Black Sedan Records is one of those half remembered record shops from my teenage years when I was at art college in Manchester. It was sited close to the main Polytechnic buildings (we didn’t need to use the word campus back then!) and so had a large student population to sell to.
The shop was sited at 127a Oxford Road, 127 “a” because it was actually upstairs above another shop (and so got cheap rent). Apparently it was set up by a young lad called Rick. It’s worth remembering that Virgin were still fairly new up North, so there were opportunities for others to get a foothold. Black Sedan stocked regular album releases and also American imports, which was a thriving scene back then, as one student recalled: “When I first moved to Manchester at the end of ’74, for three months I stayed at a guy called Phil’s place who had spent 400 quid of his student grant on American imports from Black Sedan.” (Stuart James).

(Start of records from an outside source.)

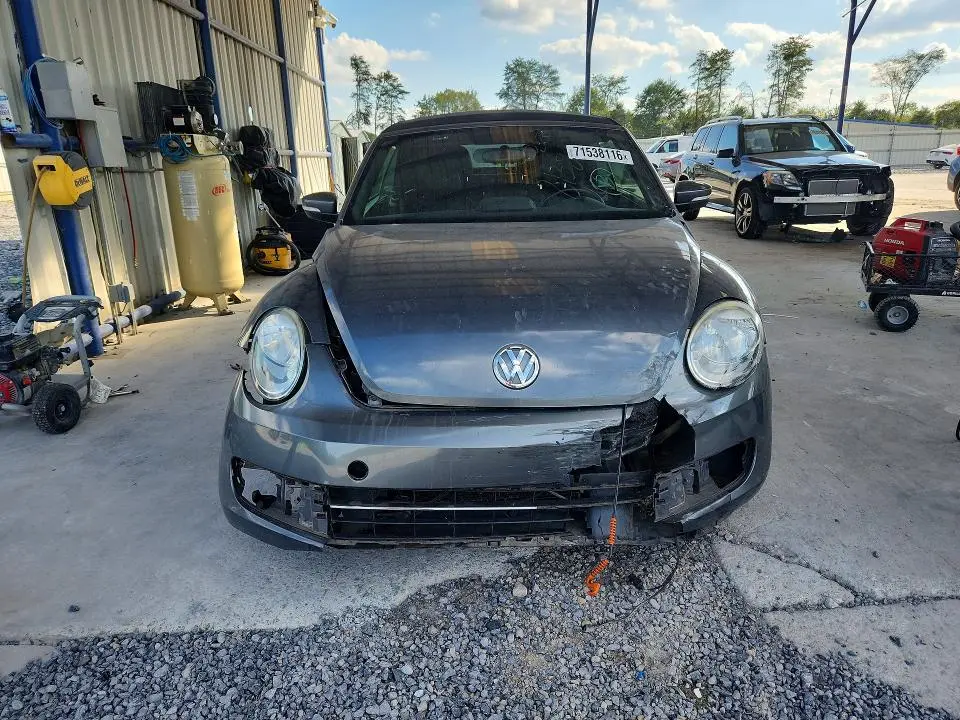 2013 VOLKSWAGEN BEETLE   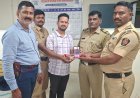ट्रेनमध्ये विसरलेला २८ हजारांचा मोबाईल रेल्वे पोलिसांनी शोधून केला परत; मध्यरात्री पतीकडे सुपूर्द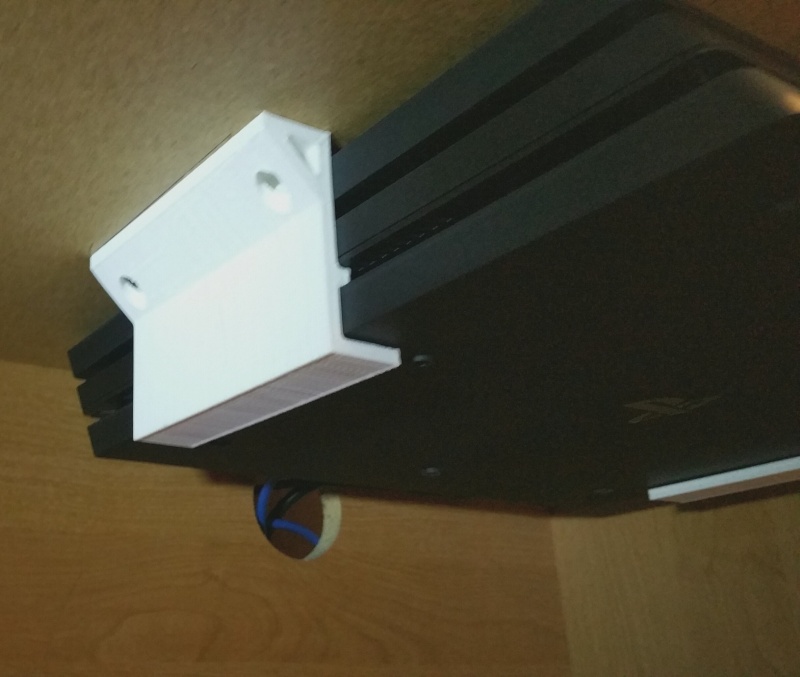 PS4 PRO nosač ispod stola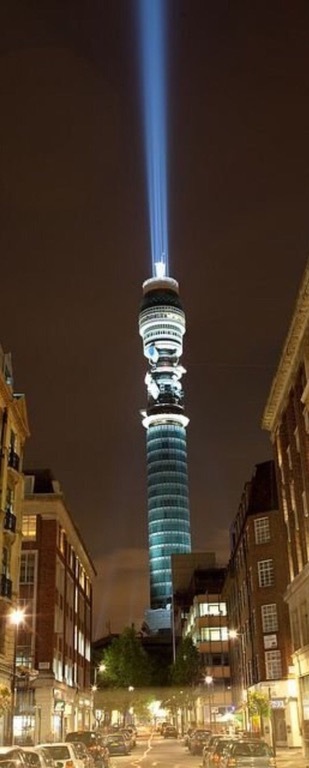 This building looks like a Jedi sword at night - The photo, Sword, Star Wars, , London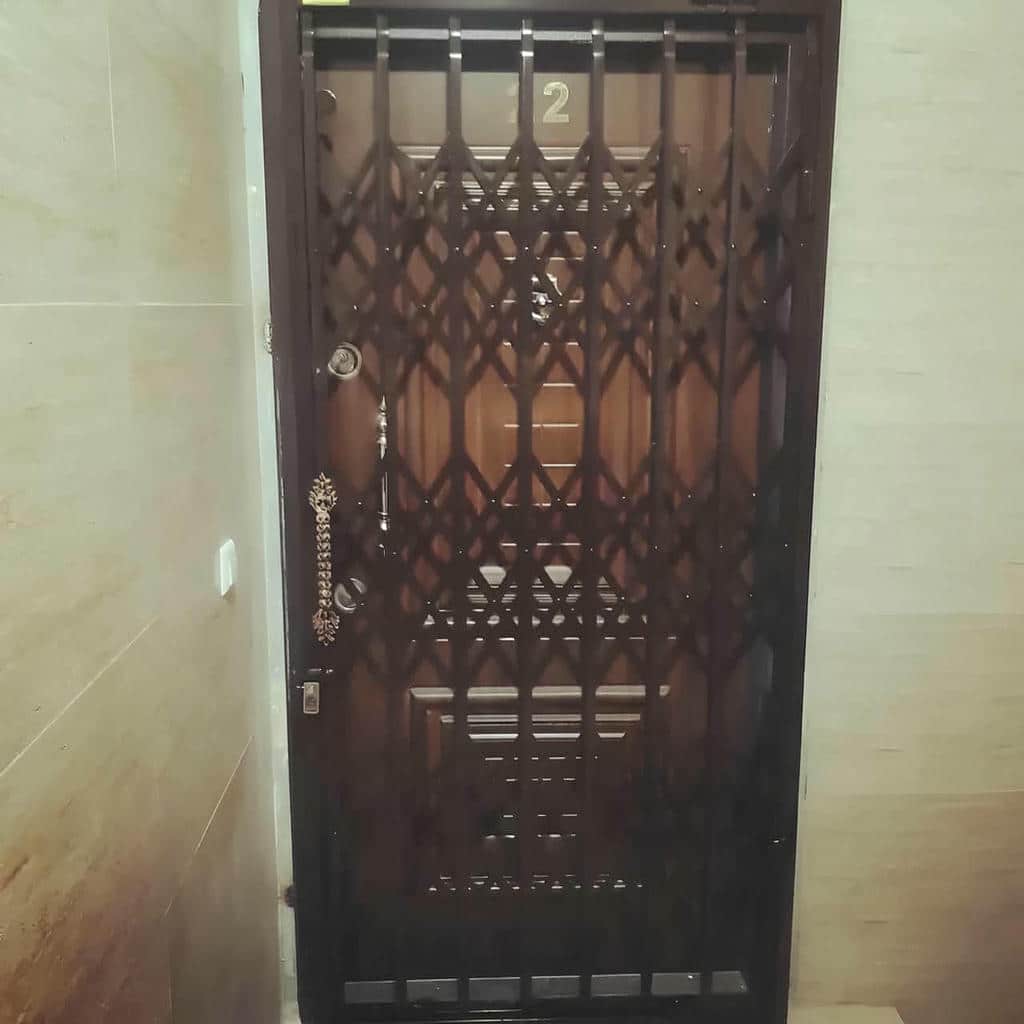 درب آکاردئونی فلزی با رنگ مقاوم روی بدنه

The shop also handled some of the early vinyl bootlegs, one of the few places in the city where you could (another was a dodgy little pornographic magazine store off Tib Street. You had to venture in past the dirty mac brigade to get to the bootleg room at the back of the shop!). Producer Martin Hannett was also a Black Sedan customer.
Black Sedan must have done fairly well (and their prices were competitive) as they moved to better premises in what was called The University Precinct just down the road. This was a 70s redevelopment which incorporated offices, a library and a small shopping centre all on the first floor. The shop moved there circa 1975/6 (according to an advert in a local fanzine) not long before I left.

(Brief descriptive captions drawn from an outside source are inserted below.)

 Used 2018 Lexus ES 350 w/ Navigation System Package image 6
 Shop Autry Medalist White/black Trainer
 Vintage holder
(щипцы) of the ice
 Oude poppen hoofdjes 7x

Quite why I’ve still got a Black Sedan plastic bag 40 years after shopping there is anyone’s guess but I have, so here’s a picture. It’s a strange sort of art deco image, not particularly well drawn, and one wonders why they went for this look. No address on the bag, possibly because they had a second shop in Rochdale (which at least one forum user says was better). I don’t know when the Manchester store shut. I found an old receipt for the first shop online, note the lettering which isn’t a million miles away from the early Virgin graphics.

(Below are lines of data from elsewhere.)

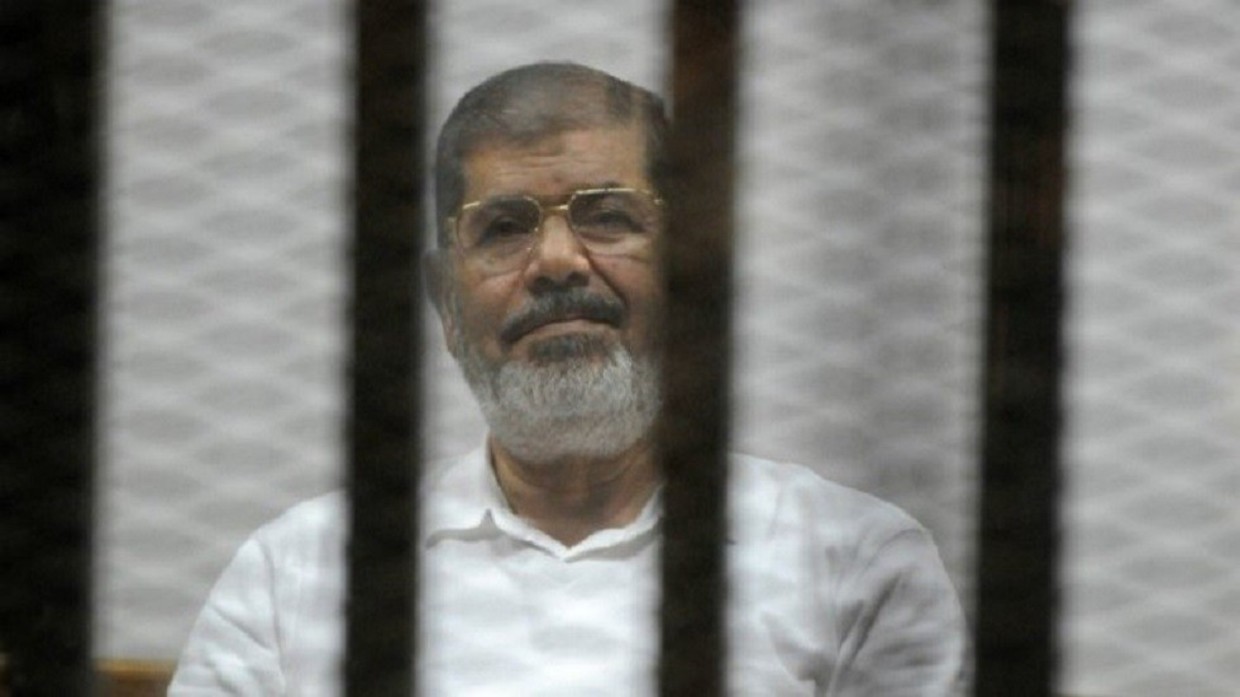 وفاة محمد مرسى خلال جلسة محاكمته بقضية التخابر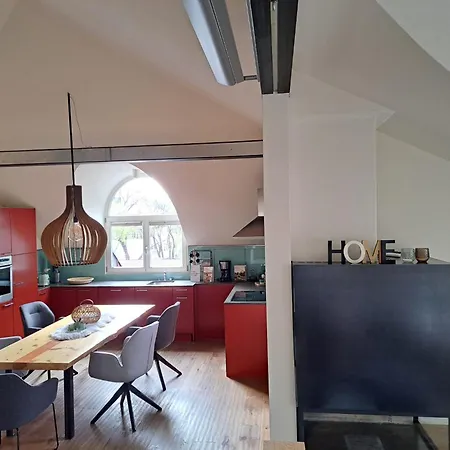 Apartmán Mansarde Zeder In Privatvilla Im Zentrum Merans Merano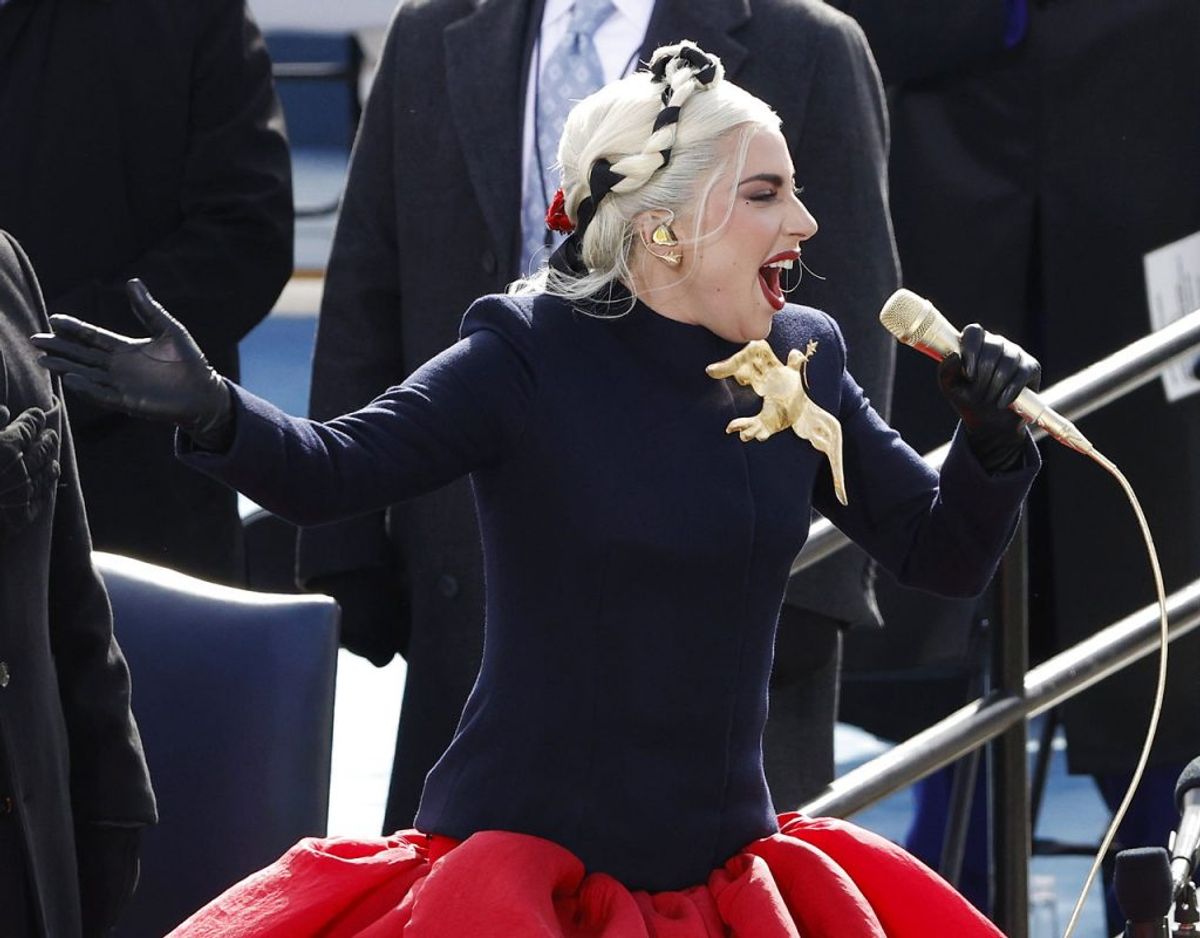 Lady Gaga sang nationalsangen i 2016. Klik videre for flere billeder. Foto: Scanpix/REUTERS/Brendan McDermid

127a Oxford Road was taken over by Pandemonium Records, run by one of those mad record shop owners who have passed into legend. According to recollections on various forums, he sometimes charged 50p admission to the store. Other days he would let you in free, but charge you 50p to answer questions. Unpriced rand rare ecords were quoted at silly prices, but he would offer to tape them for £1 a side (and in more recent years burn them to CDR for money)! Needless to say he also had boxes of iffy bootleg cassettes. There is a bit of blurry video of him on the web huddled in some vinyl basement somewhere in the outer reaches of Greater Manchester, forced to move there because his previous shop threatened to fall in due to the weight of vinyl, but latest reports suggest he’s now gone.
Sadly 127 Oxford Road has been redeveloped, but a couple of the older shops right next door have escaped the dead hand of the property portfolio and give a flavour of what the place looked like in the 70s, while astonishingly Johnny Roadhouse Music three doors down is still going. Don’t let the run-down state of their front fool you, it’s a mecca for musicians.
Thanks also to the Manchester District Music Archive
Fantastic memories. Bought my first Budgie album at Black Sedan. Close by was the “Seventh Day” which sold lots of insence sticks and oils.
I’d forgotten Seventh Day! Real head shop, or what passed for one back then…
I think it was “On The Eighth Day” as opposed to the seventh. Just up the road was Zouk, Johhny Roadhouse (the old man passed away a couple of years ago but his son still keeps it going) and the Jive Hive. Those were the days. Now it seems to be just a row of kebab shops. Such a shame.